“The most energetic workers I have encountered in my world travels are the vegetarian miners of Chile.” ~ Charles Darwin
An important 19th-century port in the copper and gold industry Coquimbo and its riches lured many Europeans. Today Comquimbo is a thriving gateway to Chile’s scenic central valleys. Nearby, coastal La Serena, founded in 1544, is the country’s second-oldest city after the capital of Santiago. In the 1950’s Italians, Germans and French were given property to build here.
The biggest copper mine in the world is in the Atacama Desert which is the hottest and driest in the world. It sits between the Andes and the Chilean Coast Range at such a height that prevents moisture reaching it from the Pacific or Atlantic Oceans. It receives less than 1mm of rainfall per year and some parts of the desert have no recorded rainfall at all.
The desert was at the center of the world’s attention in 2010. Famous for the ‘Copiapo mining accident’, whereby 33 miners survived 69 days buried in a 120 year old copper-gold mine. Thankfully all were safely rescued.
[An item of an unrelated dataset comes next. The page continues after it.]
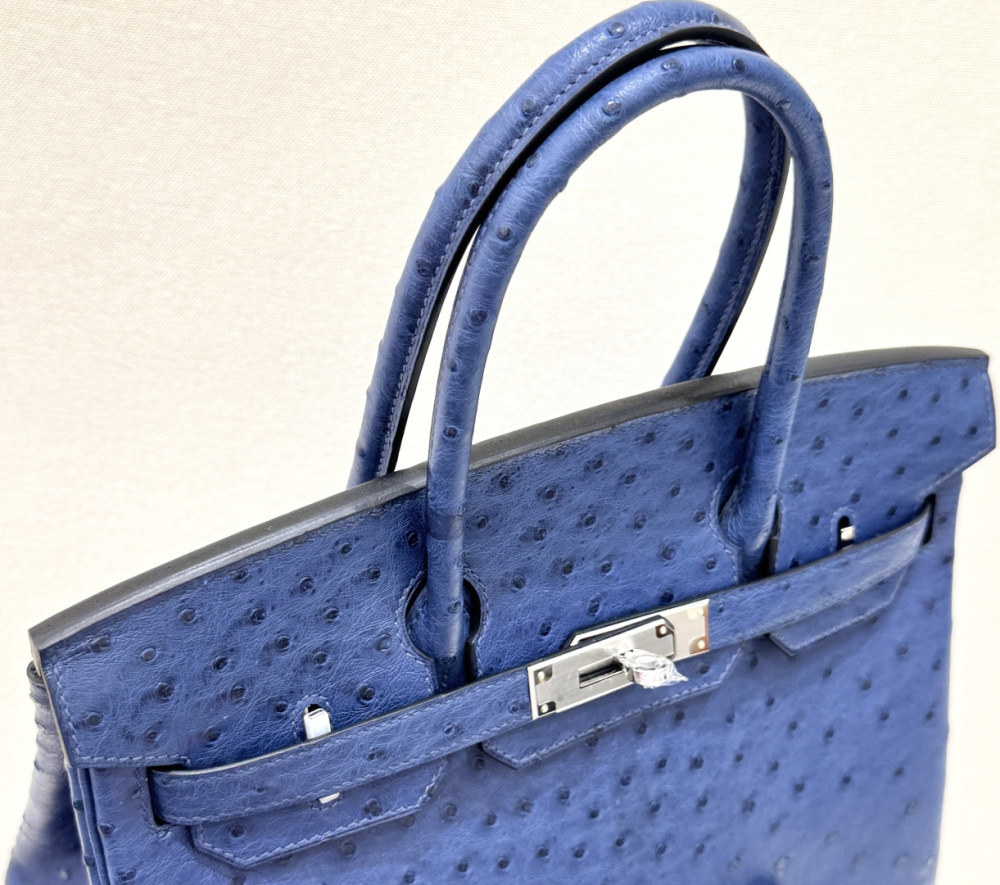 The Hermès Birkin 30 Ostrich Leather Handbag—featuring a Deep Sea Blue hue paired with silver hardware—stands as one of the brand's flagship models crafted from its most exclusive and rare leathers.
In the 90s, the civic authorities of Coquimbo came up with the idea of building a monument to commemorate the Jubilee of Year 2000 of the Catholic Church, celebrating 2000 years since the birth of Christ, and the introduction of the Church into the third millennium. The project, appropriately called “The Cross of the Third Millennium,” gained great support from local church authorities and the Vatican.